We upgraded CE 7.0.1 to EE 7.0.1 simply by changing the image tag on the Kubernetes StatefulSet
.
(We have a custom Helm chart that we use for deployment.)
image:
repository: "couchbase"
tag: enterprise-7.0.1
This initiated a rolling upgrade on Kubernetes, where each node had been upgraded to EE 7.0.1.
However, we see the same problem when we run our tests on this newly upgraded development 4-node cluster of EE. In our tests, we attempt to rerun failing queries for 300 seconds, after the indexing service goes down, but the query/indexing service does not recover in 300 seconds - at least when we keep issuing the same query, the Java SDK still reports Internal Couchbase Error.
I think it could be useful to note that after the upgrade, none of the nodes’ UI show any enterprisee feature to be present, but the UI writes EE everywhere. (I have been told that CE can be upgraded directly to EE, hopefully, it went OK.)
I can upload the logs if that helps.
Hi @zoltan.zvara, First of all sorry for the delayed reply,
I see that you have already opened another post for Java SDK. Also the issue of EE features not available is it resolved?
Other issue you mentioned indexing service is still going down ( I am assuming with similar frequency as was observed with CE ) please upload the logs. Our initial analysis and suggestion to upgrade to EE was based on the fact of crashes observed in forestdb storage used by CE. So it will be interesting to see if we can find something else. We would really like to get to the root cause of the issue and appreciate all the help you are providing.
@yogendra.acharya I uploaded the logs as your request. Please note that this is a CE cluster that has been updated to EE.
The issue that after the upgrade EE features are not available is not solved. Probably the cluster is sill running CE, but somehow it reports EE.
@zoltan.zvara , Thanks for uploading logs, I checked the logs and I see that all of your indexes are still using forestdb storage which is why you are still facing the same crash issue. One of the step in upgrade process is to re-create indexes on new EE node. This is due to the fact that “storage mode of indexer nodes can not be changed if there is an existing index on that node.”
Which leads to upgrade process considerations - that changing the image from CE to EE is not sufficient to completely upgrade to EE. In nutshell you will need to
a) add (an extra) new EE node to cluster
b) re-create the indexes from one of the old nodes on this newly added EE node - so that indexes which get re-created on this node, will use new storage mode available to EE.
c) drop the indexes on old node
d) remove the old node from cluster
e) upgrade image on the old node from CE to EE (you may not need this as your nodes are already upgraded to EE)
e) add the upgraded node back to cluster.
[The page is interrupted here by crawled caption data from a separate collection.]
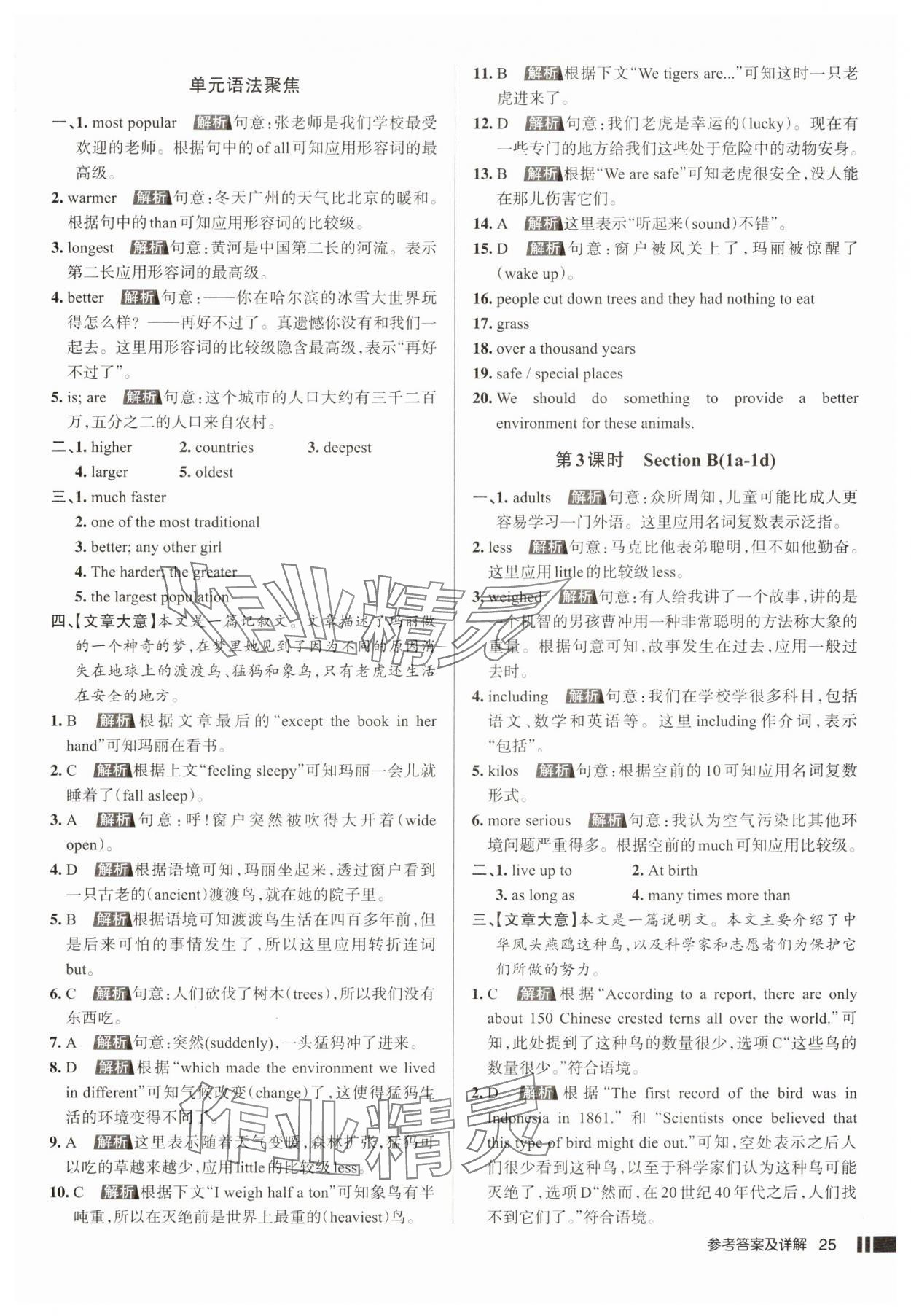 2025年名校作業(yè)八年級英語下冊人教版湖北專版 第25頁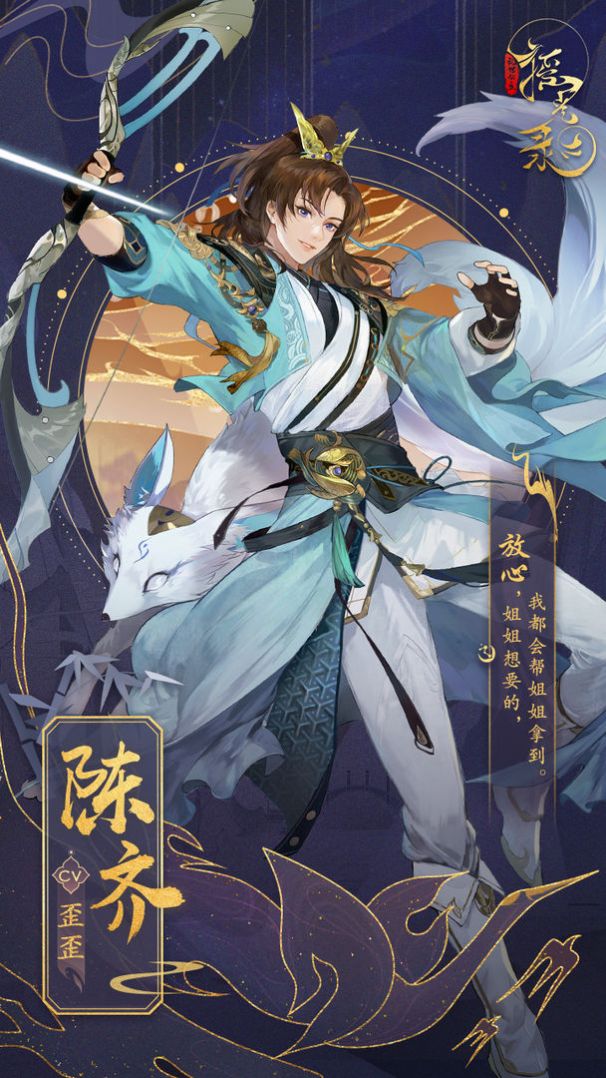 摇光录乱世公主手游官方版  v5.5.1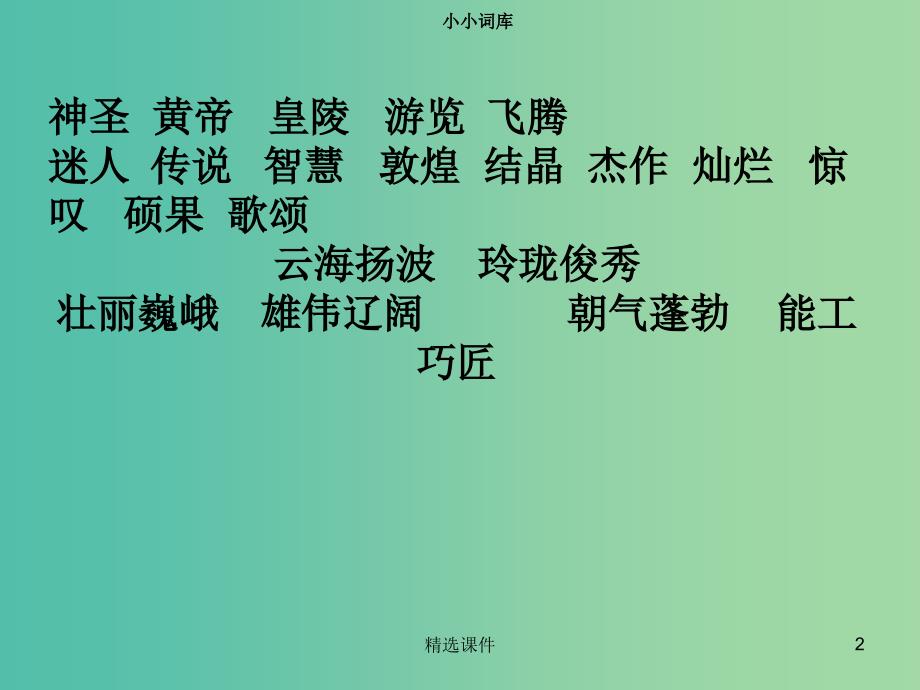 四年级语文上册《美丽的集邮册》课件4 北师大版_第2页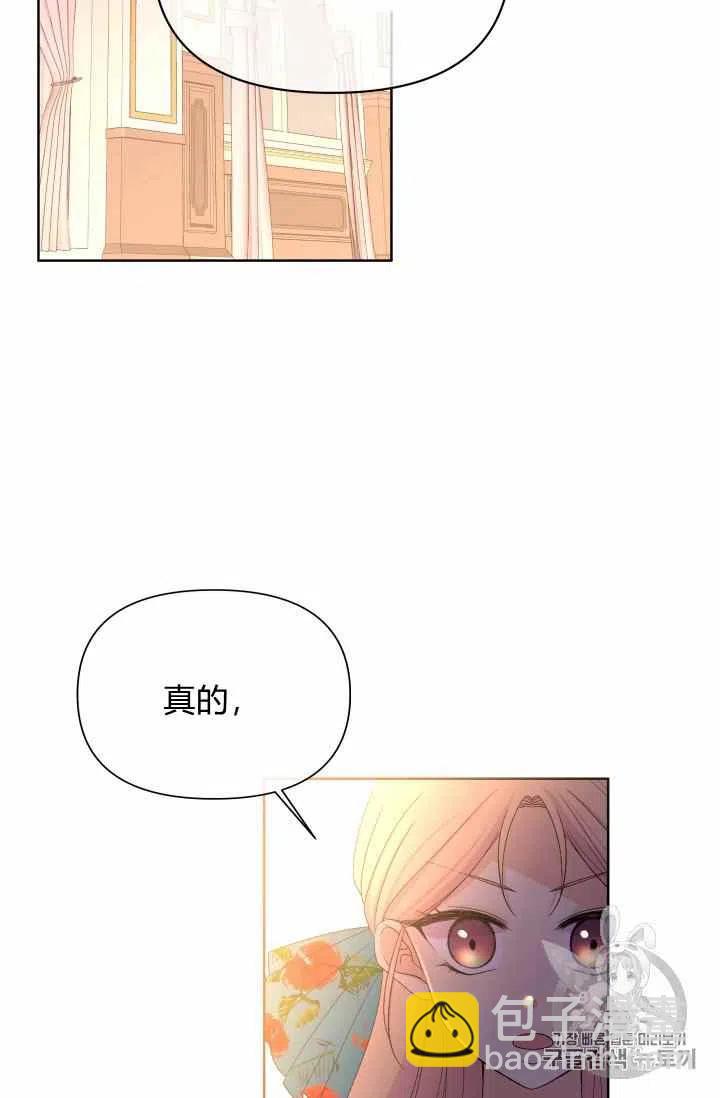 第34话1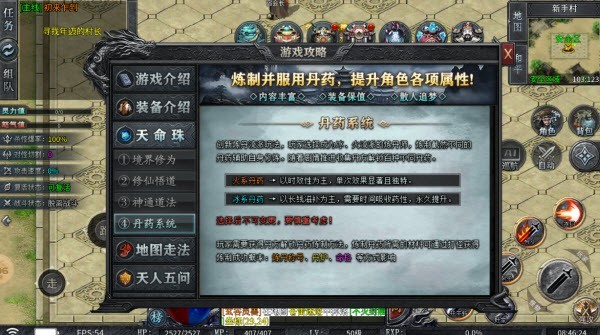 牛马玄幻沉默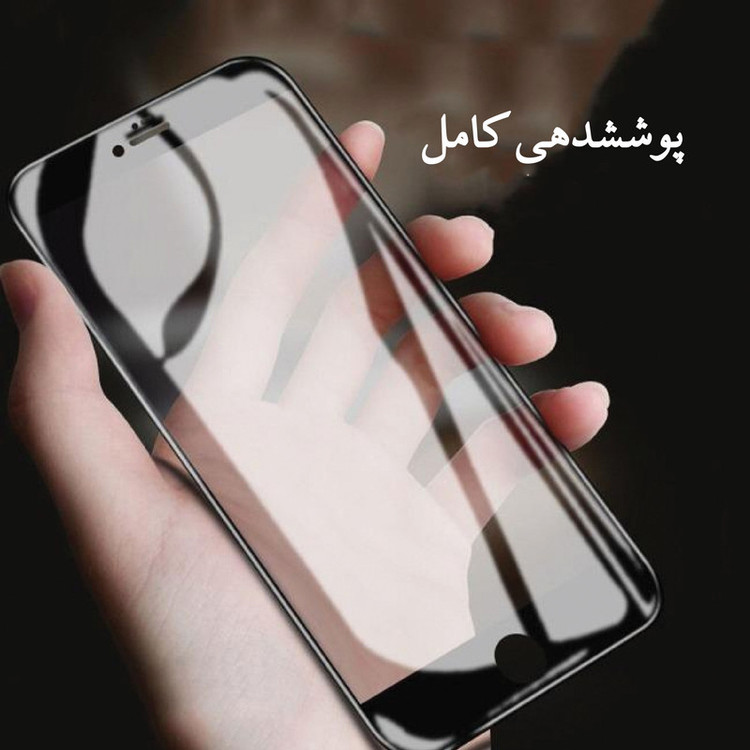 محافظ صفحه نمایش هورس مدل FUL-H مناسب برای گوشی موبایل سامسونگ Galaxy A11 / M11 / Mi 11 Lite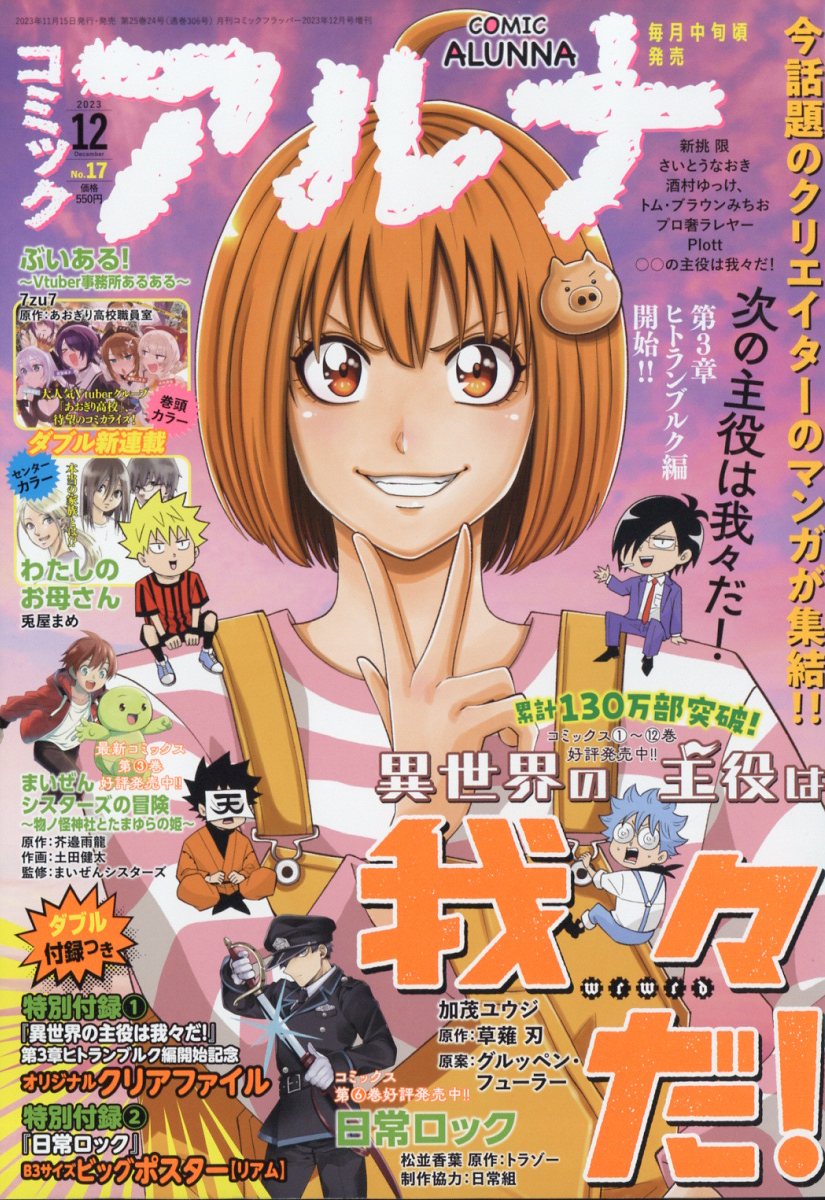 コミックフラッパー増刊 コミックアルナ No.17 2023年 12月号 [雑誌]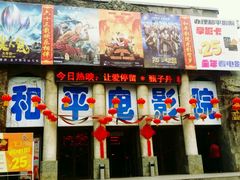 -和平电影院
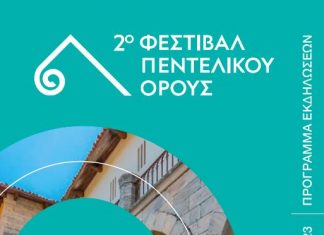 2ο Φεστιβάλ Πεντελικού Όρους (12/07 – 09/09) – Πρόγραμμα Εκδηλώσεων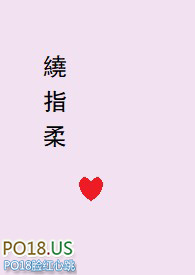 绕指柔（1v1&nbsp;&nbsp;剧情+H）
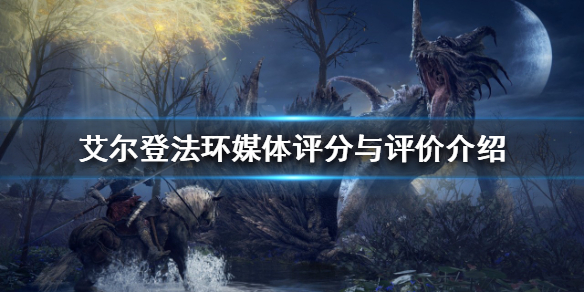 《艾尔登法环》媒体评分如何？媒体评分与评价介绍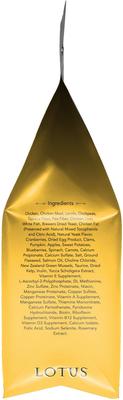 Show full view: Lotus Low-Fat Chicken Grain-Free Recipe Dry Cat Food, 2.2-lb bag slide 4 of 6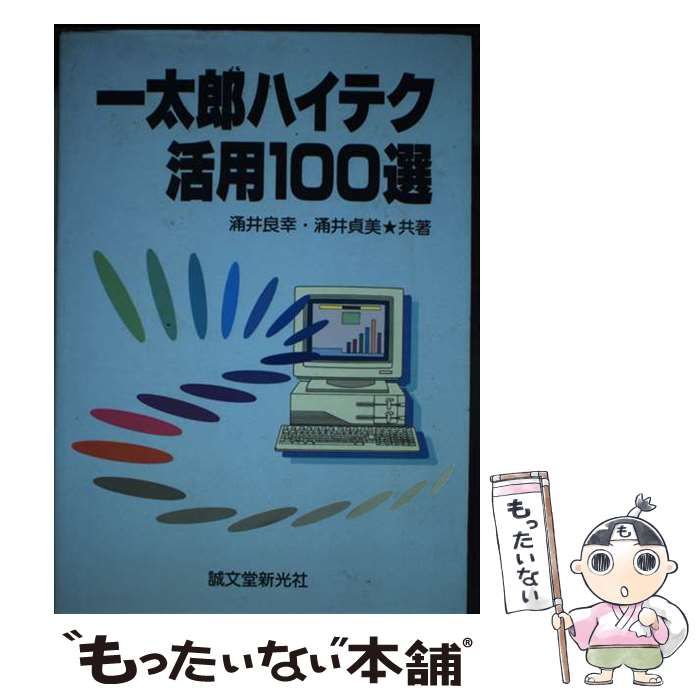 【中古】 一太郎ハイテク活用１００選/誠文堂新光社/涌井良幸 中古】 一太郎ハイテク活用100選/誠文堂新光社/涌井良幸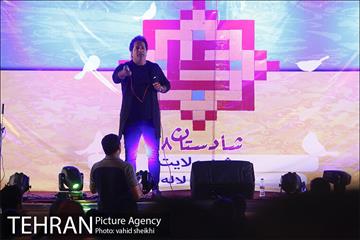برنامه شادستان 98 منطقه 6 15
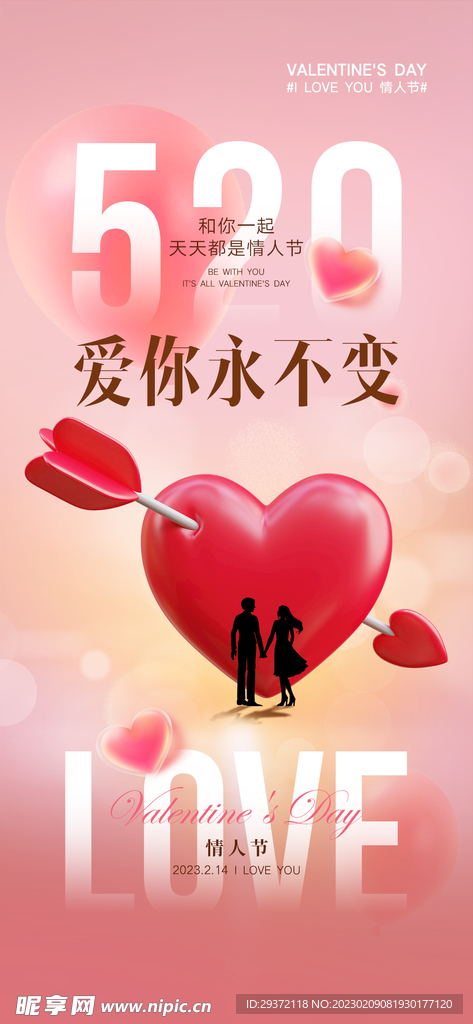 粉色大气情人节海报
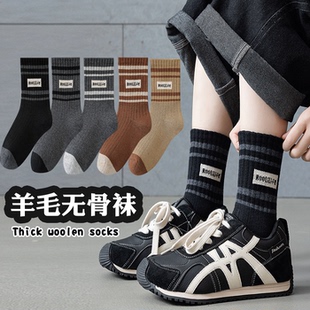 男童冬袜子秋冬季保暖袜子儿童加厚青少年无骨运动羊毛袜防臭童袜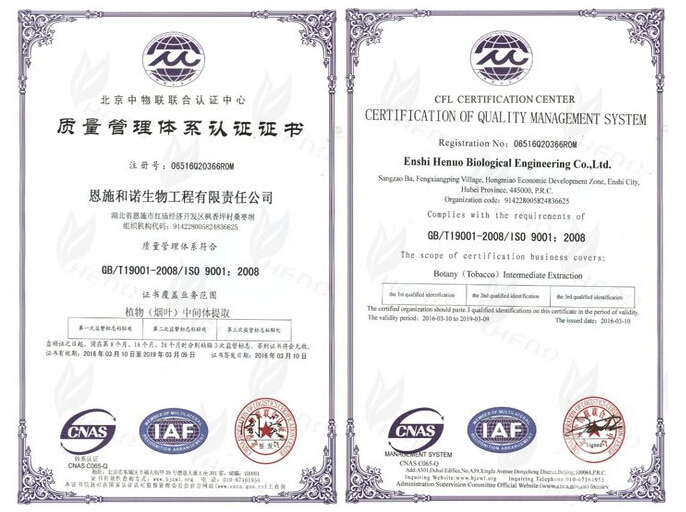 Warmly congratulate our company obtained ISO9001 quality management system certification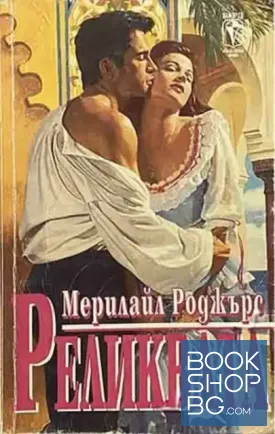 Реликвата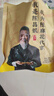 陳昌銀重慶陳麻花六味裝全家福禮盒528g磁器口重慶特產(chǎn)老字號(hào)糕點(diǎn)心零食 曬單實(shí)拍圖
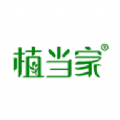 植当家app官方版下载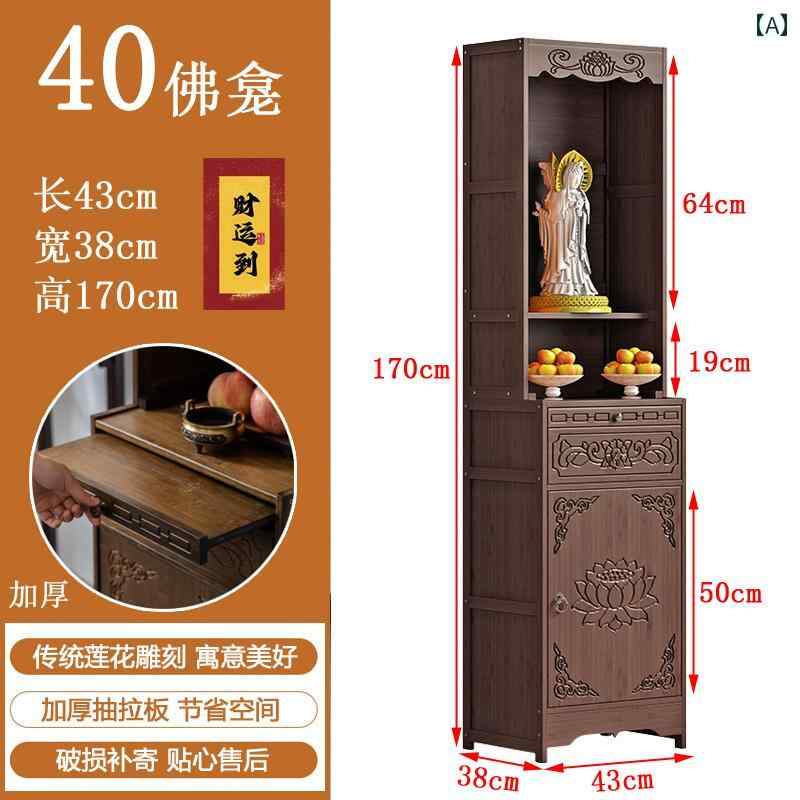 香立て 仏壇 キャビネット 祭壇 財 神 神棚 供物 台 小型 新 チャイナ風 香 家庭用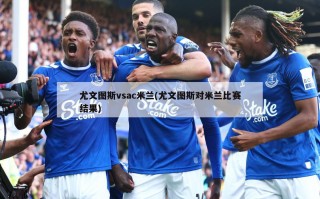 尤文图斯vsac米兰(尤文图斯对米兰比赛结果)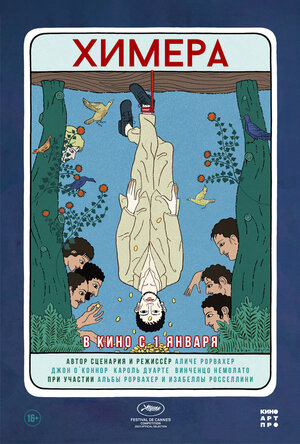 Постер: (Химера, 2023 - вся информация о фильме на FilmNavi.ru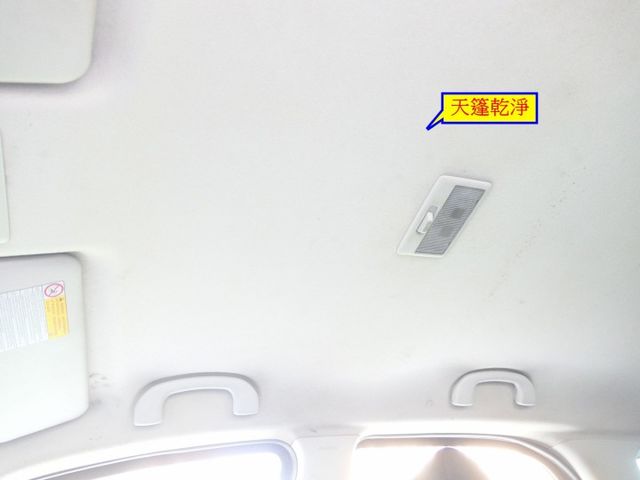 1年僅跑1.4萬，SUM+YES雙認證，已加裝最新型安卓機影音組，9成新輪胎，內裝乾淨，漂亮好車~  第17張相片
f) Repeat the process for all remaining nodes.
This will ensure all of your indexes are migrated to new storage format available to EE as well as there will be no downtime as indexes are first migrated to EE node and then corresponding CE node is taken out of cluster - one node at a time.
The details on how to upgrade from CE to EE can be found at this blogpost Upgrading Couchbase Community Edition | The Couchbase Blog
Thanks, @yogendra.acharya that was very useful. Because we are a start-up project, we will continue using CE for now and upgrade to EE when the project grows up and scales. In order to be able to catch and mitigate errors, we will keep using CE in our development environment as well, for now.